→ What this task involves
Task for the records below: copy exactly, and only, the line containing "2024 Toyota Tacoma TRD Off Road" and every line after it to the end, with pictures left out.

→ Exercise inputs
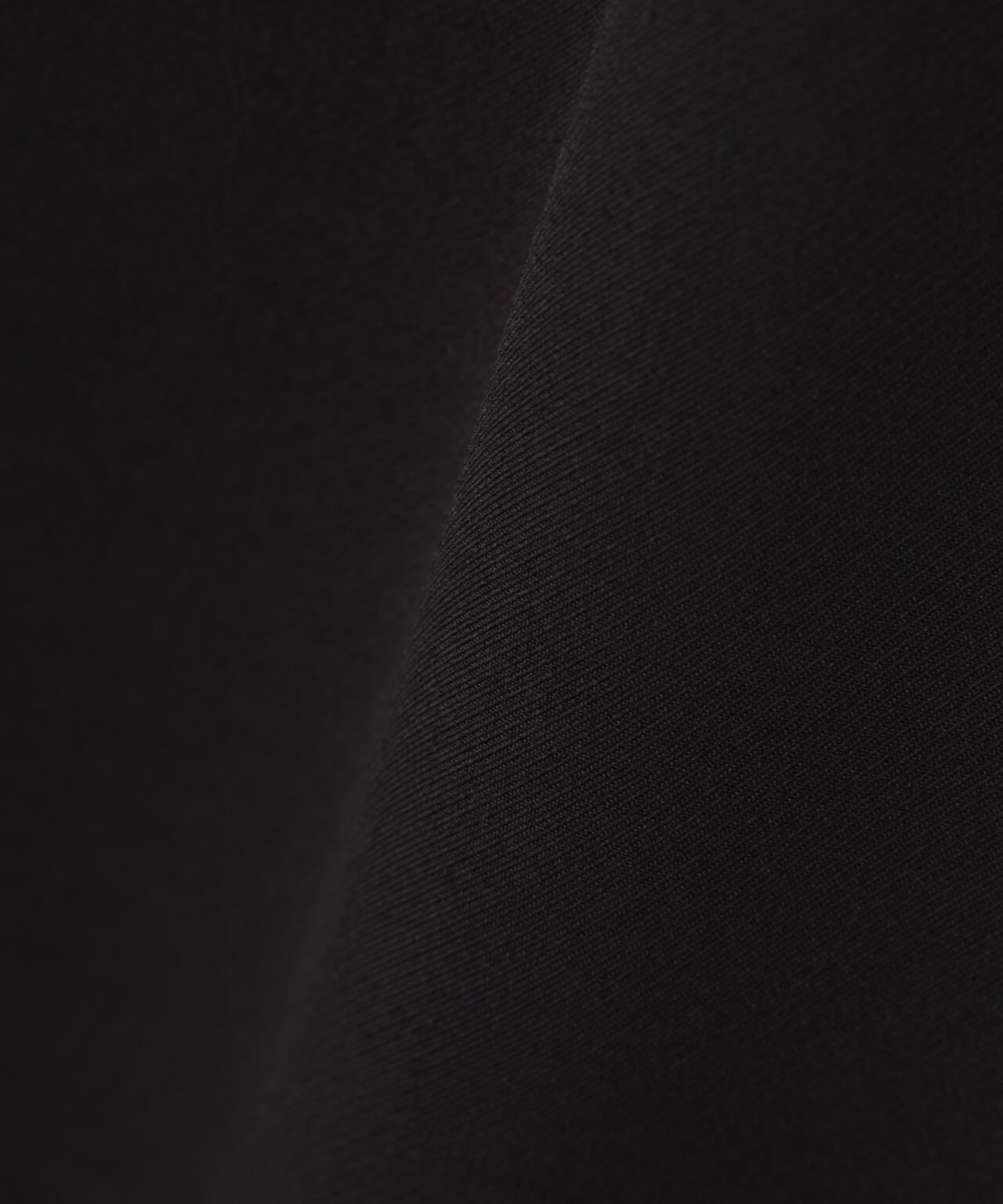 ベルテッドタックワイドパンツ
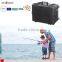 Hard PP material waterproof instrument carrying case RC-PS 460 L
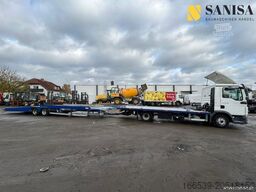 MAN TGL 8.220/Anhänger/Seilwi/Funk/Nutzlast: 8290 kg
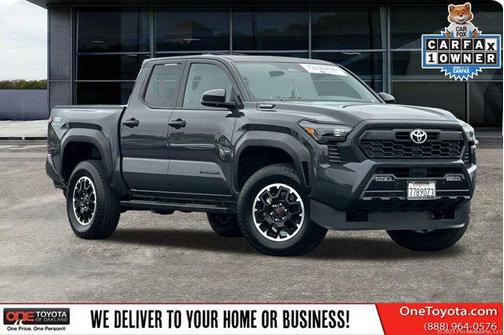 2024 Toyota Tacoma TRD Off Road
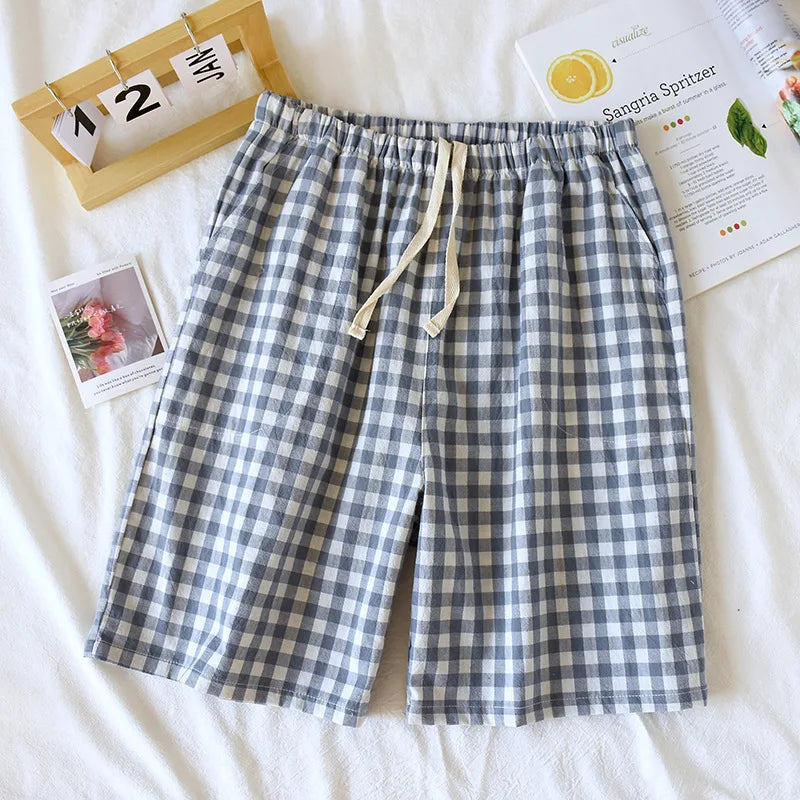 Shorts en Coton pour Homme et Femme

→ Task answer
 2024 Toyota Tacoma TRD Off Road
 Shorts en Coton pour Homme et Femme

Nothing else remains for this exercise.